Metamagnetic transitions and magnetoelectric responses in a chiral polar helimagnet Ni$_2$InSbO$_6$

TL;DR

This study investigates the magnetic-field-induced phase transitions and magnetoelectric effects in the chiral polar helimagnet Ni$_2$InSbO$_6$, revealing complex magnetic modulations and polarization changes under different field orientations.

Contribution

It provides detailed experimental evidence of metamagnetic transitions and their impact on electric polarization in Ni$_2$InSbO$_6$, a chiral polar helimagnet, expanding understanding of magnetoelectric coupling.

Findings

Long-wavelength magnetic modulation confirmed by diffraction.
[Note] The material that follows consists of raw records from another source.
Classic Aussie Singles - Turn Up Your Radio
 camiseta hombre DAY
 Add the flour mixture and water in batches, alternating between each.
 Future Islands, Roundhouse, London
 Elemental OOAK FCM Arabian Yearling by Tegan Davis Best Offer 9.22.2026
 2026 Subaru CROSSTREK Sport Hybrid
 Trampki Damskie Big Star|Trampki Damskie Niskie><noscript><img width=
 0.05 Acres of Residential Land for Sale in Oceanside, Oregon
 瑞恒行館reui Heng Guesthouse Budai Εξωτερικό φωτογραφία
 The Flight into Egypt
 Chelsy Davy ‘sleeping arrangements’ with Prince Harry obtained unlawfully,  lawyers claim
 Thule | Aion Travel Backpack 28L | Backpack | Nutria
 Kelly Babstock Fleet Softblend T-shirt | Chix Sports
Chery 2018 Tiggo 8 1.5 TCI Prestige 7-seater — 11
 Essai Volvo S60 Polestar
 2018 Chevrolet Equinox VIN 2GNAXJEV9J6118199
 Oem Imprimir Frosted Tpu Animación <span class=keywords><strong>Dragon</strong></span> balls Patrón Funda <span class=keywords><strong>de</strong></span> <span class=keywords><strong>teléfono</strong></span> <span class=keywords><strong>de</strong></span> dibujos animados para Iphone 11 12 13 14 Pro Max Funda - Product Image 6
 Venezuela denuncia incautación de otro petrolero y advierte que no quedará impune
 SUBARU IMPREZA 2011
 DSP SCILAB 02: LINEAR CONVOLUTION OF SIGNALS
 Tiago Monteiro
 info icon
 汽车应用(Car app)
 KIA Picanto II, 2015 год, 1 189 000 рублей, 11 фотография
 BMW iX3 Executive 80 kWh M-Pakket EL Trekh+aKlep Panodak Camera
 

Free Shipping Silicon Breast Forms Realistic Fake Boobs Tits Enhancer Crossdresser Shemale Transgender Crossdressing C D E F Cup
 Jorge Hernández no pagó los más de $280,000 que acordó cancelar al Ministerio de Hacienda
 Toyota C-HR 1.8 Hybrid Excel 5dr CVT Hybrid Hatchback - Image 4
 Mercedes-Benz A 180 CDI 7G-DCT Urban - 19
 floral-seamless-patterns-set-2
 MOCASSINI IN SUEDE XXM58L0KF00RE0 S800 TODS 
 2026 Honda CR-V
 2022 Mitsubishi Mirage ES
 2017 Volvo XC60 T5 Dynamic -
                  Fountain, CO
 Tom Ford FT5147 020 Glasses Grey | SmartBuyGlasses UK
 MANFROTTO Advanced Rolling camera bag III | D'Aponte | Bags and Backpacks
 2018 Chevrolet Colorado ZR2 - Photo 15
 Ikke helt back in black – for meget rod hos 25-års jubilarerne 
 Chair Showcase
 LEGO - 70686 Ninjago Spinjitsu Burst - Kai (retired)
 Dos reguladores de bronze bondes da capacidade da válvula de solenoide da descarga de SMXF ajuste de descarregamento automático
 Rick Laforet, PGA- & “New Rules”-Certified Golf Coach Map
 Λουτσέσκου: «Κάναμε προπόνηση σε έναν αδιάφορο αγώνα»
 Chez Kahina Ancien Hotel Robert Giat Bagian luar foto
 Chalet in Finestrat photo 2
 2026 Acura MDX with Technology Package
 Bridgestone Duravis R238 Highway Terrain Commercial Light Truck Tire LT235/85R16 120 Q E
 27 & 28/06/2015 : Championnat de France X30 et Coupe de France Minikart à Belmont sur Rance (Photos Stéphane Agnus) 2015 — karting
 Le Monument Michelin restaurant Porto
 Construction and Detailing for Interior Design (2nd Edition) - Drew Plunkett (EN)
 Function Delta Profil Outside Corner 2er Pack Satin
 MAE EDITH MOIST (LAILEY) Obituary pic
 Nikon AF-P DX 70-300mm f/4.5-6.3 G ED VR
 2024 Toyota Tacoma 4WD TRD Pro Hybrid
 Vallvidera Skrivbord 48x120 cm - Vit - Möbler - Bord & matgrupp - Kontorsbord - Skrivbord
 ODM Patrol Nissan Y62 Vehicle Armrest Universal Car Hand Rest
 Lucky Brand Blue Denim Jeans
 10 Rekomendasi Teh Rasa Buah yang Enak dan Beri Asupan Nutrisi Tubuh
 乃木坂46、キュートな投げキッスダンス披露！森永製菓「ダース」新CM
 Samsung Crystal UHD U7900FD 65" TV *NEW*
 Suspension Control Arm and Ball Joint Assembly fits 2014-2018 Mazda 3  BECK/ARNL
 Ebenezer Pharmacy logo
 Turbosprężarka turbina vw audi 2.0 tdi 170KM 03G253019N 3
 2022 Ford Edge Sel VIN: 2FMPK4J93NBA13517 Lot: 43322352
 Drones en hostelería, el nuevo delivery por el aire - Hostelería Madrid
Magnetic field induces helix-to-canted antiferromagnetic transition.

Electric polarization changes accompany metamagnetic transitions.

Abstract

Magnetic-field effect on the magnetic and electric properties in a chiral polar ordered corundum Ni$_2$InSbO$_6$ has been investigated. Single-crystal soft x-ray and neutron diffraction measurements confirm long-wavelength magnetic modulation. The modulation direction tends to align along the magnetic field applied perpendicular to the polar axis, suggesting that the nearly proper-screw type helicoid should be formed below 77\,K. The application of a high magnetic field causes a metamagnetic transition. In a magnetic field applied perpendicular to the polar axis, a helix-to-canted antiferromagnetic transition takes place through the intermediate soliton lattice type state. On the other hand, a magnetic field applied along the polar axis induces a first-order metamagnetic transition. These metamagnetic transitions accompany a change in the electric polarization along the polar axis.